The new song, Back to My Roots, released today on Oi Va Voi’s own record label, Parallel Skies, two weeks before a major show in London, is based on a klezmer melody that has been played live by the band since they formed more than 20 years ago. Until now, that melody has not officially been released.
Josh Breslaw, co-founding member and drummer, told the JC: “This tune was a turning point for us because it was the moment we went from playing traditional klezmer into dropping dance grooves and drum and bass onto it. This song goes back to where we started as a band.”
Rising star Shaindel, who sings on Oi Va Voi's new song 'Back To My Roots'[Missing Credit]
The band released their fifth album, The Water’s Edge, in May, after which two shows promoting it at venues in Bristol and Brighton were abruptly cancelled, an experience they described as both “very hurtful” and a catalyst for recording new music. The band wanted to make a powerful musical “statement” rather than write a message on social media.
Breslaw said: “We were shut down in our own country and told we couldn't play music. It was a very hurtful experience, and we were bruised and battered. We realised the first thing we had to do was make new music that represented who we are.

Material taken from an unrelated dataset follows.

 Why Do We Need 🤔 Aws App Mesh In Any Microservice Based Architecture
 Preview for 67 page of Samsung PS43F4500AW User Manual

We had to go back to our roots.”
The song, he said, turned out to be themed on their roots in both its lyrics and music, and “felt a really natural and important thing” to record. The track features a violin, a clarinet and a trumpet carrying the klezmer melody, blended with Steve Levi-Kallin’s cantorial vocals in Hebrew.

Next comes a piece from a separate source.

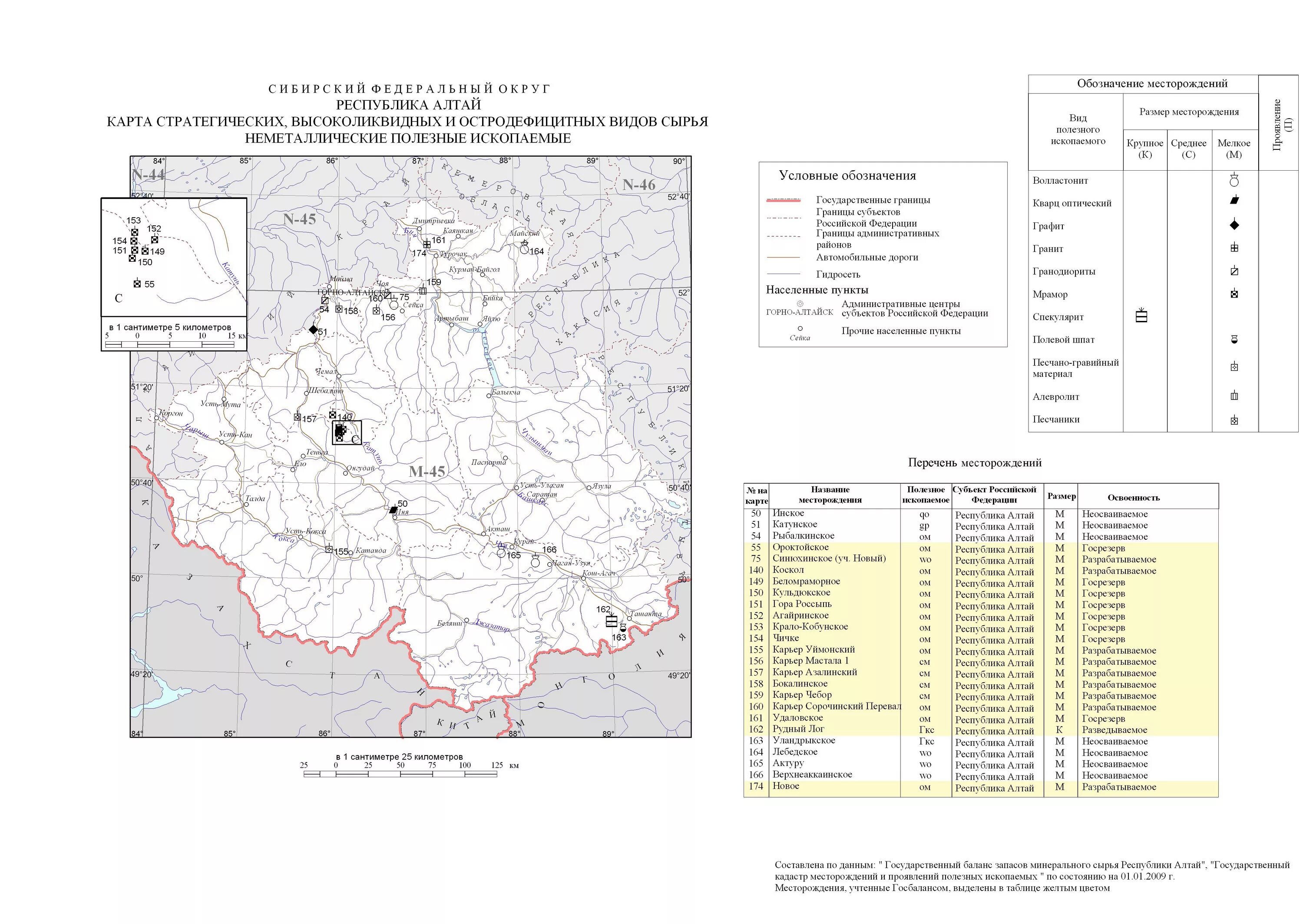 Карта полезных ископаемых Республики Алтай. Карта полезных ископаемых Алтайского края. Полезные ископаемые Алтая на карте. Полезные ископаемые Алтайского края карта.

Breslaw went on: “Sometimes the Jewish element of what we do is a lot more subtle. On this song, we turned the dial right up on who Oi Va Voi are – our Jewish heritage. We cranked it up because it felt like what we needed to do at this time. It's loud and proud. It's celebrating everything we've ever stood for as a band.”

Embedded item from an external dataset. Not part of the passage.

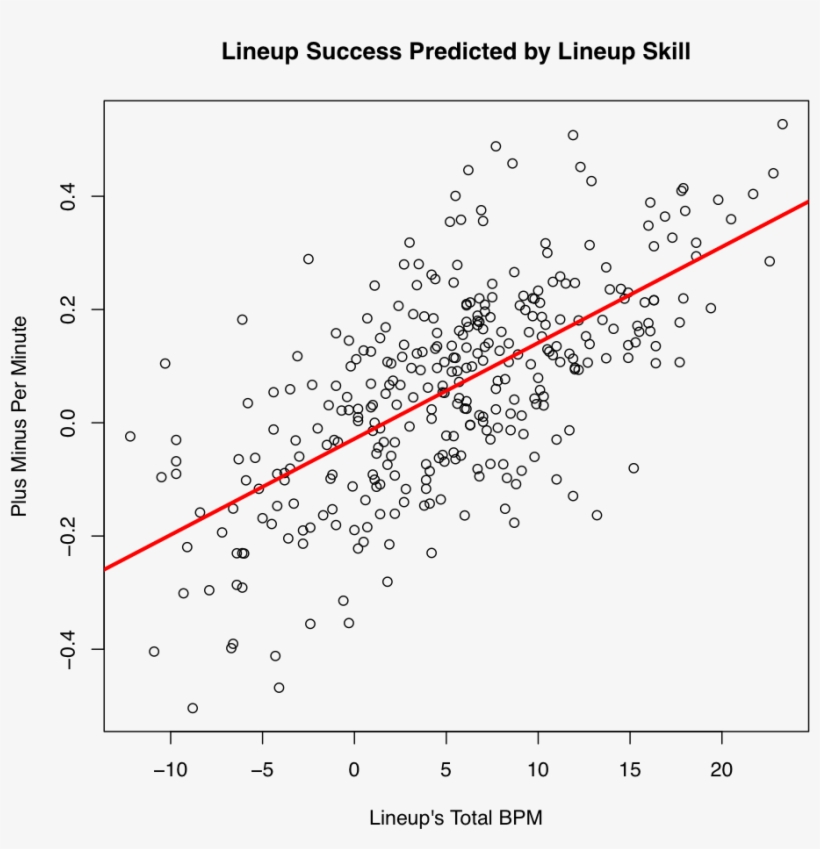 We Observe That The Residuals Are Normally Distributed - Diagram, transparent png download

And Levi-Kallin said the gig cancellations had forced the band to “look back” at themselves and ask, “who are we?”
“It put the spotlight on us in a way that I've never felt in this country. We’re a band that plays music. We want to claim that and be proud of what we're doing, because we've done it for so long, and we're not about to throw it away by abandoning it.”
Breslaw added: “There was real soul-searching after that experience, about who we are, what we represent. As angry as we are about what happened, it had to be a positive, joyful celebration of the music we make in the culture we come from.
"That’s what the song represents for us. We gave ourselves enough time to go back to our basic principles and not be reactionary to bullies or gaslighters.”
The band returned to the studio to record the song just after Rosh Hashanah, a time in the Jewish calendar that Levi-Kallin pointed out is symbolically relevant to the track’s theme, as it is when people are looking to their roots and engaging with their identity. The lyric “there’s nowhere that I will be sheltered from the sound of a note..”, references a shofar, from which a subtle call can be heard in the first verse.
Levi-Kallin saw the inclusion of the shofar as “a sound you hear that goes on and on and is calling you back to your identity”.
He continued: “In the diaspora, the impact of everything that's gone on has its effects. We're not in a war zone, but we have, all of a sudden, been confronted by a change in atmosphere, in the way people are talking.”
Steve Levi-Kallin, John Matts, Kalliopi Mitropoulou, Josh Breslaw and David Orchant of Oi Va Voi[Missing Credit]
Breslaw added that the song is “also for Jewish people who feel unheard. We have a platform that lets us make a piece of music that hopefully will give people a bit of strength in the community”.
The attack on Heaton Park Congregation Synagogue Manchester, in which two people were killed on Yom Kippur just days after the band recorded Back To My Roots, made the song even more pertinent.
“It's got even more meaning now. It's all the things that we were worried about and feeling unheard about. We were on the right path with the song that we wanted to make, and the importance of doing that, and not just crawling under a rock because bullies say you need to,” said Breslaw.
The band play Islington Assembly Hall on November 12, but have told the JC it was “not a given” that they would be able to do a London show, and that they were turned away from venues outside of the capital.
Breslaw said: “We had to jump through more hoops than you would expect. We were determined, after those cancellations, to play London, to show we hadn't disappeared and been beaten by that.
“People shouldn't take it for granted that Jewish acts can just get a venue, because that's not the case. We are looking forward to making it a celebration, because this show is a response to being shut down.”